Four wins over top 25 teams, and five if you count the incredible 37-37 tie at #2 Alabama in 1967 (as much a win as any tie in college football history). Florida State’s first win over Florida in Gainesville the same year. Three bowl appearances. These were monumental milestones for a program that had just started playing college football less than 20 years before Sellers signed with FSU.
Then, there’s the record books. Despite the passing game within the sport of football evolving several times over since Sellers suited up in the garnet and gold, he still holds numerous FSU records and still sits second in several Important career marks.
Sellers still hold these Florida State records: touchdowns in a single game (5), most points scored in a game (30), catches in a game (16), receiving yards in a game (260), receiving yards in a season (1,496).

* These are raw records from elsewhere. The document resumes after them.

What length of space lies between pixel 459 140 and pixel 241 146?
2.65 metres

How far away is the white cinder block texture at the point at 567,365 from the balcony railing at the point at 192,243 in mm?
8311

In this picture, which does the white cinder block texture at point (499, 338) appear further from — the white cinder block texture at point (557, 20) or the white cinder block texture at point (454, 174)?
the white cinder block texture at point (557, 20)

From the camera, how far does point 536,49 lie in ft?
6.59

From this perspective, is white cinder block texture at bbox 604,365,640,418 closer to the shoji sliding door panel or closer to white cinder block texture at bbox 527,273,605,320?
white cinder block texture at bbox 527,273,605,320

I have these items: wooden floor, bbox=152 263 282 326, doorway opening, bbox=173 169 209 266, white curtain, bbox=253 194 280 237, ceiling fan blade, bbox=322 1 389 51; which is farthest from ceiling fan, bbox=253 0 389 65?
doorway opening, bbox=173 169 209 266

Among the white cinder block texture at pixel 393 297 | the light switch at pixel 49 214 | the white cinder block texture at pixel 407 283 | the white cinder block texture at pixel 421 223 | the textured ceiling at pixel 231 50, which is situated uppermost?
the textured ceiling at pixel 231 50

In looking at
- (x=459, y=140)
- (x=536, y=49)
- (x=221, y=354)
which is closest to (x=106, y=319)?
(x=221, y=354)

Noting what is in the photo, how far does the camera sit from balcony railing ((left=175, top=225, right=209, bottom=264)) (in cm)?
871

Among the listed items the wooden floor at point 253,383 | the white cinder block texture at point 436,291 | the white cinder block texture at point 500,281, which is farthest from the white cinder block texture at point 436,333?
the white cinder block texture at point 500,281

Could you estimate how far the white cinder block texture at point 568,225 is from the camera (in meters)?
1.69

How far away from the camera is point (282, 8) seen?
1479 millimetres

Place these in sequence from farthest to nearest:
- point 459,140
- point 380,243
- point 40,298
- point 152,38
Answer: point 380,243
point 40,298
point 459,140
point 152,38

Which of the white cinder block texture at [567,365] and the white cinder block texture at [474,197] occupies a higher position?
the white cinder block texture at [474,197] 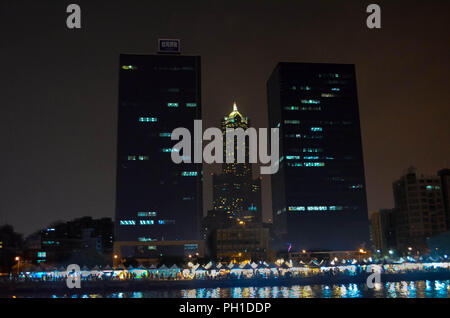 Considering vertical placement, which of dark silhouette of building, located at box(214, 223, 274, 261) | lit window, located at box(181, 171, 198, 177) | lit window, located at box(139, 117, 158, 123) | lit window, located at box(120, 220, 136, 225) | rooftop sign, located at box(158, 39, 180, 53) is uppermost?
rooftop sign, located at box(158, 39, 180, 53)

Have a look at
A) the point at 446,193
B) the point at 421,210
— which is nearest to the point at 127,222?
the point at 421,210

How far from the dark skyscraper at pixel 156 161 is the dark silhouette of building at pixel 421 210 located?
89.2 meters

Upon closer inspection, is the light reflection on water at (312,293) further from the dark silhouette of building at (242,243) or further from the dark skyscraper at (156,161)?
the dark skyscraper at (156,161)

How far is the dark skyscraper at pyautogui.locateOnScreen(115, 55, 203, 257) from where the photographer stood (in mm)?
172500

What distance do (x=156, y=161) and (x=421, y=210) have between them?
366 feet

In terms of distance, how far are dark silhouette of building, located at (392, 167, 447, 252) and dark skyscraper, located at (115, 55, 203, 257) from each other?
89177mm

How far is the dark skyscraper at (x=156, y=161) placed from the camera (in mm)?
172500

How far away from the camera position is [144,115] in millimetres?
179625

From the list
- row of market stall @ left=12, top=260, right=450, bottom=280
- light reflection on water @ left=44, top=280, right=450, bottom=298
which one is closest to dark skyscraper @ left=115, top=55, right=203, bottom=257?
row of market stall @ left=12, top=260, right=450, bottom=280

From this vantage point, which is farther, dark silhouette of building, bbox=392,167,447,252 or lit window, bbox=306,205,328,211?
lit window, bbox=306,205,328,211

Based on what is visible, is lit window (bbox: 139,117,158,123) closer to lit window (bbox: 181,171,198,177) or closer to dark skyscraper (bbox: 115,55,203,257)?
dark skyscraper (bbox: 115,55,203,257)
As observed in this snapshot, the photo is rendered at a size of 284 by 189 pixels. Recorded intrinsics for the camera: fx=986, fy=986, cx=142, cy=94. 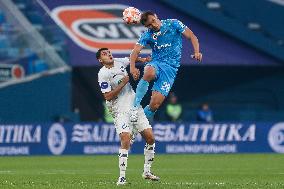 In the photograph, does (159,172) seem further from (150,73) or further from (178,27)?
(178,27)

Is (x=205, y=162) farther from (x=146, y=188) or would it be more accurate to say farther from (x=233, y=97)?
(x=233, y=97)

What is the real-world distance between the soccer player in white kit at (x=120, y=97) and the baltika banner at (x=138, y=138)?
1479 centimetres

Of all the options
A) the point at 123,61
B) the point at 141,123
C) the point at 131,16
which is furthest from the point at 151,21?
the point at 141,123

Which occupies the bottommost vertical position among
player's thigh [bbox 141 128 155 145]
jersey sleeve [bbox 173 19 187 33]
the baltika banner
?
player's thigh [bbox 141 128 155 145]

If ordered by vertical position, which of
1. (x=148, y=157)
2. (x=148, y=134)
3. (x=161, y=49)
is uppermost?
(x=161, y=49)

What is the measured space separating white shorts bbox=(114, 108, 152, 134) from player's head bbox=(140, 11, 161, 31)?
1.36 meters

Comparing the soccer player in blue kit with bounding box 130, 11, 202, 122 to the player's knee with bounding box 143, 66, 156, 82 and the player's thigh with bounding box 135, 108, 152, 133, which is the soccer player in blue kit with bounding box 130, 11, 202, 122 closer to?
the player's knee with bounding box 143, 66, 156, 82

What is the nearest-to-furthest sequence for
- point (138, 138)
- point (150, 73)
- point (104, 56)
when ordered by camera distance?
point (104, 56)
point (150, 73)
point (138, 138)

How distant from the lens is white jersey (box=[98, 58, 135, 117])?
1523cm

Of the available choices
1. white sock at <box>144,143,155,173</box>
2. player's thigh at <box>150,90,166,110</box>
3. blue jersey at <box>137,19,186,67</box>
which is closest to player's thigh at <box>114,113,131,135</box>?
white sock at <box>144,143,155,173</box>

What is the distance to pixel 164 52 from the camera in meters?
16.0

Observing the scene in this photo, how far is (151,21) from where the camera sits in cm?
1573

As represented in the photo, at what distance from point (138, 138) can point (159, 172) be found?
1056 centimetres

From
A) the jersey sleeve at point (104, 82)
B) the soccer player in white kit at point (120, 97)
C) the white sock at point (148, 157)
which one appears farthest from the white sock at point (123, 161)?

A two-time All-American, Sellers is second all-time in career receiving yards and receiving touchdowns to Rashad Greene. But it’s important to note, while still an incredible player in his own right, Greene played 21 (yes, 21!) more games than Sellers did. In addition to playing 50 seasons after Sellers, when passing attempts were much higher, Greene nearly doubled up Sellers in career games with Rashad’s 51 to Ron’s 30 (freshmen weren’t eligible, and bowl games didn’t count toward career stats).
It hurts that Florida State doesn’t play Atlantic Division counterpart Wake Forest this season, because I won’t get to write in a Matchup History about Sellers’ 14-catch game for 260 yards and 5 touchdowns on November 23rd, 1968 against the Demon Deacons. Maybe next year.
One aspect that hurts Sellers historically is the lack of film from his playing career. Nowadays, FSU fans can dial up online any important game from the 1980’s to the present. Sellers just missed out on by a little more than a decade from having all of his games, and what must be incredible array of film, documented for Noles fans to view.
A huge figure in FSU football in his own right, fellow 1960’s wide receiver Fred Biletnikoff (whom Sellers is compared to often) gets a huge boost historically from his Hall-of-Fame NFL career with the Oakland Raiders. And he deserves it.
After he signed with AL Davis under the goalpost following an incredible 13 catches for 192 yards and 4 touchdowns in the Gator Bowl versus Oklahoma, Biletnikoff went on to be a co-Super Bowl MVP with the Raiders in 1976 and one of the most well-known pass-catchers of the 1970’s.
One of the most dominant and consistently excellent franchises in pro sports during the that era, the Raiders couldn’t have been a better spot for Biletnikoff to land in 1965. By comparison, Sellers was sent off to Boston to play for a lowly Patriots franchise that was a perennial loser. From 1965 to 1975, the Patriots had just one winning season.
Would Sellers be viewed differently by Seminole fans if he had been drafted by a steady franchise that took advantage of his instead of one of the worst in the league, and had a better NFL career? Considering an entire generation saw Biletnikoff star for the “bad-boy” Raiders, it could have changed how Sellers was remembered if he had been drafted by successful team like Biletnikoff.
To Seminoles fans who saw him play, “Jingle-joints” will always be considered one of the very best players in FSU history. Sellers deserves to be one of the first names mentioned when discussing the greatest players in FSU football history, not just in the top ten or 15.